Ideally program version plus build number, or commit hash or description of ever persistent resources where the source code of the program and build instructions can be found so that the program can be configured ideally in such a manner that the result of this computational process is recreatable in the same deterministic manner.

analysis_identifier: (required) NX_CHAR

Ideally, a (globally persistent) unique identifier for referring to this analysis.

analysis_description: (optional) NX_CHAR

Possibility for leaving a free-text description about this analysis.

start_time: (required) NX_DATE_TIME

ISO 8601 formatted time code with local time zone offset to UTC information included when the analysis behind this results file was started, i.e. the paraprobe-tool executable started as a process.

end_time: (required) NX_DATE_TIME

ISO 8601 formatted time code with local time zone offset to UTC information included when the analysis behind this results file were completed and the paraprobe-tool executable exited as a process.

config_filename: (required) NX_CHAR

The absolute path and name of the config file for this analysis.

@version: (required) NX_CHAR

At least SHA256 strong hash of the specific config_file for tracking provenance.

results_path: (optional) NX_CHAR

Path to the directory where the tool should store NeXus/HDF5 results of this analysis.
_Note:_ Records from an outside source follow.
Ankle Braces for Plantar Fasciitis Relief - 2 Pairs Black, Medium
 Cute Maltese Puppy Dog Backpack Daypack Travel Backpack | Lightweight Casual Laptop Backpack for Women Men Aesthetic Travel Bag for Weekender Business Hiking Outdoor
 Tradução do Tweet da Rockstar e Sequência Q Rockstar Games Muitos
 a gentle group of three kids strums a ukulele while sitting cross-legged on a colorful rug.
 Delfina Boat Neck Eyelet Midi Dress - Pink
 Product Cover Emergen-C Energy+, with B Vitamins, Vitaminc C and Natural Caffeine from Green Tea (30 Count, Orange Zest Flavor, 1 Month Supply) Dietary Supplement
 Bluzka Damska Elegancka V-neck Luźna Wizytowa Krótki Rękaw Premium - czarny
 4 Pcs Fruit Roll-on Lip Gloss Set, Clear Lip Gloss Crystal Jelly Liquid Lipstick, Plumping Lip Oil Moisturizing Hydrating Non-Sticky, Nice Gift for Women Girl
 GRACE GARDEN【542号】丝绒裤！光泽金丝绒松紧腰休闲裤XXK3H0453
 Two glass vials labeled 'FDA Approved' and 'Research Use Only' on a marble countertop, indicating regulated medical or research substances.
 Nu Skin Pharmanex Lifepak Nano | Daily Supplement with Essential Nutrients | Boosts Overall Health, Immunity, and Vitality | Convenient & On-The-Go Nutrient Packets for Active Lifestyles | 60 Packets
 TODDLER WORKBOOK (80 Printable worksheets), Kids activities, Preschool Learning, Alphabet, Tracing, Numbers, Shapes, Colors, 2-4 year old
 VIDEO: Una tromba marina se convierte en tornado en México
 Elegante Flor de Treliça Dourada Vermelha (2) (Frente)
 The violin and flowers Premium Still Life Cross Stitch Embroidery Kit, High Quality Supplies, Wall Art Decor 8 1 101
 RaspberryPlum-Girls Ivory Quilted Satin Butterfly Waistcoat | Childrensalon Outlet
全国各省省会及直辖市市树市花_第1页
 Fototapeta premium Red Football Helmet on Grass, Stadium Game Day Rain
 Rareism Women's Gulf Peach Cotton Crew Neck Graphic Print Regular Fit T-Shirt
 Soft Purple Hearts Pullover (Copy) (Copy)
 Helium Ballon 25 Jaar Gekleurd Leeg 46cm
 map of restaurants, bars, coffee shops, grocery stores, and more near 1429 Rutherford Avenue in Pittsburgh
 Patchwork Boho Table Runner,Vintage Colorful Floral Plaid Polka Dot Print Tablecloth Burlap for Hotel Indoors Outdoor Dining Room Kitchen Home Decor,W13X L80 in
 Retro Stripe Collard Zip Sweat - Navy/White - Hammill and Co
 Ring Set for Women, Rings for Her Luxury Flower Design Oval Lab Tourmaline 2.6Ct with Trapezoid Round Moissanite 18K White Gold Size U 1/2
If not specified results will be stored in the current working directory.

status: (required) NX_CHAR

A statement whether the paraprobe-tool executable managed to process the analysis or failed prematurely.

This status is written to the results file after the end_time at which point the executable must no longer compute analyses. Only when this status message is present and shows success, the user should consider the results. In all other cases, it might be that the executable has terminated prematurely or another error occurred.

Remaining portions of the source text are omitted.